In inductance coils and transformers, magnetic cores according to an E core configuration or an E-I core configuration or a double-E core configuration are often used. The center leg of these magnetic cores has normally arranged thereon at least one winding. When a magnetic core according to an E-I core configuration is manufactured, an E core is combined with an I core. When a magnetic core according to a double-E core configuration is manufactured, two individual E cores are normally joined by gluing. Alternatively, frame cores are used together with I cores, the I core being then inserted as a center leg into the frame core and joined to two opposed sides of the frame core by gluing.
In the case of E cores, air gaps can be adjusted in grinding processes with very small manufacturing tolerances for the purpose of avoiding saturation influences, so that the AL value of a magnetic core can be adjusted by precise grinding. It is true that the winding process of these magnetic cores is not very complicated, since the coil to be wound has no core and is coupled to the core only during the assembly process, but joining two E core halves in a separate gluing process is highly disadvantageous. The disadvantage resides, on the one hand, in that the glued joint leads to a significant weak point in the finished component and, on the other hand, in that the gluing process represents a considerable cost and time factor in the production process. In addition, the two E core halves are separately molded in a molding press in the production process and are then removed from the moldings press. Subsequently, the two E core halves are sintered individually in two separate sintering processes. All this results in complicated handling for conventional production processes. Furthermore, due to the inevitable manufacturing tolerances occurring during sintering, it can no longer be guaranteed for two individually sintered core parts that the core formed by combining the two core parts is produced with the desired accuracy and, in particular, that the outer legs of two E core halves are arranged in plane-parallel opposed relationship with one another.
In addition, the manufacturing tolerances occurring in the sintered core halves result in a displacement at the transition from one core half to the next, when two E core halves that have been produced in this way are assembled. The resultant locations of displacement in the finished core represent for the magnetic field lines in the finished inductive component a constriction of the magnetically effective core cross-section. At said constriction, premature saturation of the core occurs and leads to a decrease in inductance.
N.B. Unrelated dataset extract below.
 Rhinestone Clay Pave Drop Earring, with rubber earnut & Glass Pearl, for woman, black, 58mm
Furthermore, the field lines exit the ferrite area at saturation regions and saturation gaps during operation in the finished inductive component, so that additional losses will occur in the winding.
The frame core admittedly has the advantage that the core is produced from one piece and does therefore not necessitate any subsequent gluing process, a circumstance which leads to a significantly increased mechanical stability in comparison with glued core configurations and which, due to the non-existing gluing process, also leads to a simple production process, but it is here much more difficult to efficiently form air gaps in a frame core. For this reason, frame cores are excluded from many power applications.
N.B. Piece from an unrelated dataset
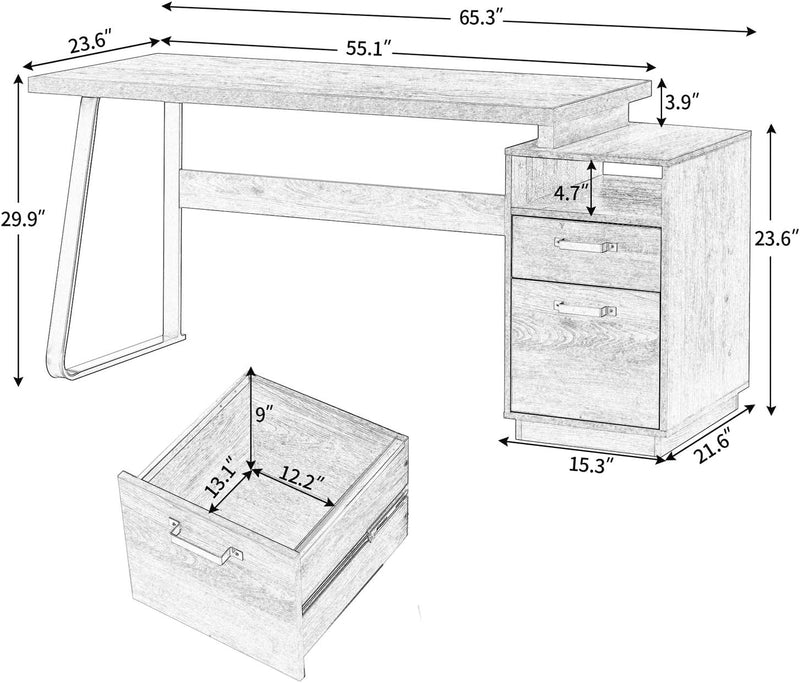 Home Office Computer Desk with Drawers/Hanging Letter-Size Files/65 Inch Writing Study Table with Drawers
Reference DE 10 2004 008 961 B1 describes a frame core with a center leg glued into said frame core.
Document DE 1 193 119 describes a framelike core component with a tuning pin inserted in a semi-cylindrical recess of the framelike core component.
Reference EP 004272 A2 discloses a method of manufacturing magnetic cores from molding material with soft-magnetic properties by molding a mixture of soft-magnetic material and a synthetic resin as a binder, a mixture of iron powder being here mixed with a thermosetting resin in liquid form and filled into a heated mold and then molded.
Reference DE 3909624 A1 describes an E-I core with an air gap, the air gap being formed in the I part of the core by means of molding.
Reference DE 2305958 A discloses a bipartite magnetic core with a sheared hysteresis loop, said magnetic core being sheared in an air gap-free manner by a solid non-magnetic or low-permeable body and the parts of the magnetic core being firmly interconnected, partially as directly as possible and partially via the body with a sheared hysteresis loop.